For DeCesare, the job was a bit of a dream. 

“I’ve always wanted to coach,” she said. “Ever since I stepped foot on a college campus, I was like ‘Okay, I want to be on a college campus forever, and I love soccer. I love learning about it, and I want to coach.’” 

Upon hearing about the position at Franklin, she contacted Kerry Prather, director of athletics and came to Indiana for the interview. Despite being very well-traveled, she had not been in the Midwest until then. She was offered the job and accepted it. 

“She rose to the top of a pool of qualified candidates,” said Lance Marshall, assistant director of athletics, who was involved in the selection committee. 

DeCesare is excited to get settled and get to work with the girls, 16 of who are newcomers. 

“This is probably the first time my whole closet is in the place that I’m living, because otherwise I was just packing bags,” said DeCesare. “I’m happy to not get on a plane for the next couple of months.” 
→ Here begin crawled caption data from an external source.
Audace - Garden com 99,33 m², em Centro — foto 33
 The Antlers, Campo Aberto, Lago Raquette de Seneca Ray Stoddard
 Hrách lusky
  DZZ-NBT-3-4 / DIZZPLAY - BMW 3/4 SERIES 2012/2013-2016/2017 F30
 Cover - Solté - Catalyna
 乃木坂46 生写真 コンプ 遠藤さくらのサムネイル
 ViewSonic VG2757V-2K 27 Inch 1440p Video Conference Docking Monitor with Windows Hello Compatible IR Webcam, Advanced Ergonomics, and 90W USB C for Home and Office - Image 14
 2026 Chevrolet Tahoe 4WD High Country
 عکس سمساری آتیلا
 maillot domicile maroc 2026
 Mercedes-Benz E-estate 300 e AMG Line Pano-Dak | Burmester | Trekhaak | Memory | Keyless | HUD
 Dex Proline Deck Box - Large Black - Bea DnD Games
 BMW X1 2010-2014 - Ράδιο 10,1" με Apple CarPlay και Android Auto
Her main goal for the season is to see progress and take everything in strides. “I don’t really believe in outcome goals,” DeCesare said. 

As for her own soccer career, DeCesare said it is on pause. “I only stopped playing a year and a half ago, so I can’t play for fun quite yet. It’s either zero or 100% and if I go 100%, I’m afraid I’ll get injured, and I don’t want to get injured.”